# 2016 Conventions?  Advice Please!



## JP Harker (Apr 2, 2016)

OK, my problem is twofold and I seek some info and then some sage advice:

  I recently watched a Jim Butcher video where he says he made sure to go to lots of writing conventions to make personal contact with agents/publishers as this made them more likely to accept his work.  Seems like sound advice and I notice a few other writers say the same.  My fist question is to UK folk, the second is to everyone:

  What conventions are there in the UK that are actually worth going to? - Google was not much help!

  Second question is open it all:

  How on earth do you approach people when you're an unpublished first-timer?  So much of the advice online is for people who already have some of their work 'out there', but I'm a guy starting from nothing.  Any wise words out there?


----------



## Butterfly (Apr 2, 2016)

About - The London Book Fair

The London Book fair is about the biggest one. It's on next week.


----------



## Russ (Apr 4, 2016)

Let me suggest that the London Book Fair is not the best place for an unpublished author to get to know agents/publishers.  That event is basically a B to B event where people in the industry expect to be doing a lot of business with each other, especially selling international rights for English language books.  It is not an event where industry people are looking to meet new talent or are expecting to deal with the public much at all.

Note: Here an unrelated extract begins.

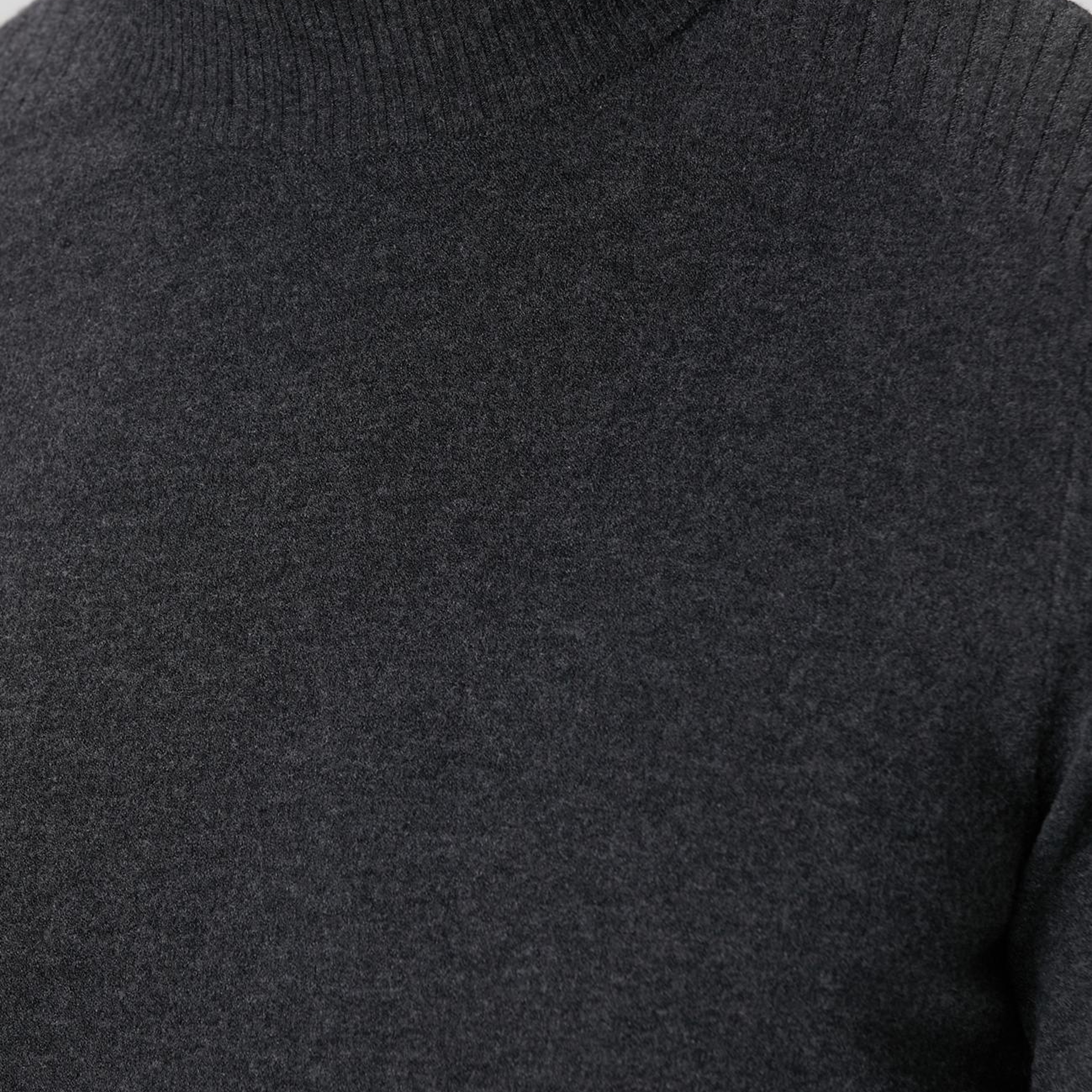 Network Erkek Antrasit Yarım Balıkçı Yaka Kazak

I am guessing that the UK has fan oriented events and events oriented towards unpublished writers just like NA does but I just don';t know the names or dates of them although I expect a good Google search will do the trick.  In NA I could recommends dozens of events for you like The World Fantasy Convention, Worldcon (which was in London in 2014), Ad Astra, Norwestcon, Thrillerfest, etc, etc, etc.  I am pretty confident that the UK would have the same thing.  These events are much more geared for aspiring authors to meet agents and editors and often have specific events just for that purpose.

If they don't have specific events to meet agents/editors, let me tell you two little secrets that will help you.  The first is that editors and agents can often be found in the bar at the end of the day.  Secondly they are human beings.  You can meet them in the bar or at lunch and talk with them about the weather, football, the news or whatever you tend to talk to other human beings about before you talk with them about your great new manuscript and business plans.  I think  you can have very good success in relationship building if you treat them like people first and business contacts second.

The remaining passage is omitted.